26. Cellular RNAs & their functions
• Messenger RNA ( mRNA) :
• Transfers genetic information from genes to
ribosomes to synthesize proteins.
• Heterogeneous nuclear RNA ( hnRNA) :
• Serves as precursor for mRNA & other RNAs.
• Transfer RNA( tRNA) :
• Transfers amino aid to mRNA for protein
biosynthesis.
• Ribosomal RNA(rRNA) :
• Provides structural framework for ribosomes.

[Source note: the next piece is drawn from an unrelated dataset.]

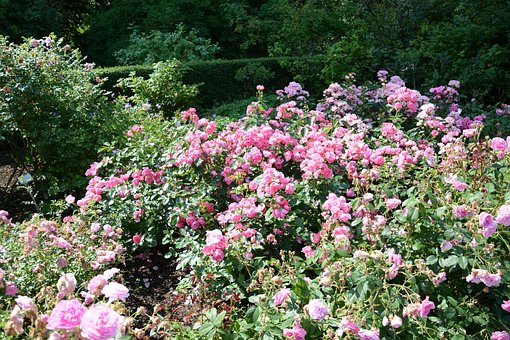 Roser, Blomster, Blomst, Natur, Blomstre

27. • Small nuclear RNA( snRNA) :
• Involved in mRNA processing.
• Small nucleolar RNA (snoRNA) :
• Playes a key role in the processing of rRNA
molecules.
• Small cytoplasmic RNA(scRNA) :
• Involved in the selection of proteins for export.
• Transfer- messenger RNA(tmRNA) :
• Mostly present in bacteria. Adds short peptide tags
to proteins to facilitate the degradation of
incorrectly synthesized proteins.

28. Messenger RNA(mRNA)

30. • m RNA is synthesized in the nucleus (in eukaryotes)
as heterogeneous nuclear RNA( hnRNA).
• hn RNA, on processing ,liberates the functional
m RNA which enters the cytoplasm to participate in
protein synthesis .
• m RNA has high mol wt. with a short half –life.
• Eukaryotic mRNA is capped at the 5’ terminal end
by 7-methylguanosine triphosphate.
• This cap helps to prevent the hydrolysis of mRNA by
5’-exonucleases.
• Cap may also be involved in the recognition of
mRNA for protein biosynthesis.

31. • 3’-terminal end of m-RNA contains a polymer of
adenylate residues( 20 – 250 nucleotides) which is
known as poly(A) tail.
• This tail may provide stability to mRNA , besides
preventing it from the attack of 3’-exonucleases.
• mRNA molecules often contain certain modified
bases such as 6-methyladenylates in the internal
structure.

33. Above picture, The cap structure attached to
the 5’ terminal of most eukaryotic messenger
RNA molecules.
A 7-methylguanosine triphosphate (black) is
attached at the 5’ terminal of the mRNA (shown
in blue), which usually contains a
2’-O-methylpurine nucleotide.
These modifications (the cap and methyl group)
are added after the mRNA is transcribed from
DNA.

34. Transfer RNA (tRNA)
• tRNA molecules vary in length from 74 to 95
nucleotides.
• They also are generated by nuclear processing
of a precursor molecule .
• The tRNA molecules serve as adapters for the
translation of the information in the sequence of
nucleotides of the mRNA into specific amino
acids.

35. • There are at least 20 species of tRNA
molecules in every cell, at least one (and often
several) corresponding to each of the 20 amino
acids required for protein synthesis.
• The structure of tRNA, resembles that of a
clover leaf.
• tRNA contains 4 arms,each with a base paired
stem.

36. Structure of tRNA

39. • 1. The acceptor arm : This arm is capped with a
sequence CCA(5’ to 3’). The amino acid is attached
to the acceptor arm.
• 2. The anticodon arm : This arm with the 3 specific
nucleotide bases (anticodon), is responsible for the
recognition of triplet codon of mRNA.
• Codon and anticodon are complementary to each
other.
• 3. The D arm: It is so named due to the presence of
dihydrouridine.
• 4. The TψC arm : This arm contains a sequence of T,
pseudouridine(represented by ψ) and C.

40. • 5. The variable arm : This arm is the most variable
in tRNA.
• Based on this variability,
tRNAs are classified into 2 categories:
a) Class I tRNAs :
The most predominant(about 75%) form with 3-5
base pairs length.
b) Class II tRNAs :
They contain 13- 20 base pair long arm.

41. • Base pairs in tRNA :
• Structure of tRNA is maintained due to the
complementary base pairing in the arms.
• The 4 arms with their repective base pairs are
given below :
• The acceptor arm - 7 bp
• The TψC arm - 5 bp
• The anticodon arm - 5 bp
• The D arm - 4 bp

42. Ribosomal RNA ( rRNA)
• Ribosomes are the factories of protein synthesis.
• Eukaryotic ribosomes are composed of 2 major
nucleoprotein complexes----
60S subunit & 40s subunit.
• 60S subunit contains 28S rRNA, 5S rRNA &
5.8S rRNA.
• 40S subunit contains 18S rRNA.
• Most probably rRNAs play a significant role in the
binding of mRNA to ribosomes & protein synthesis.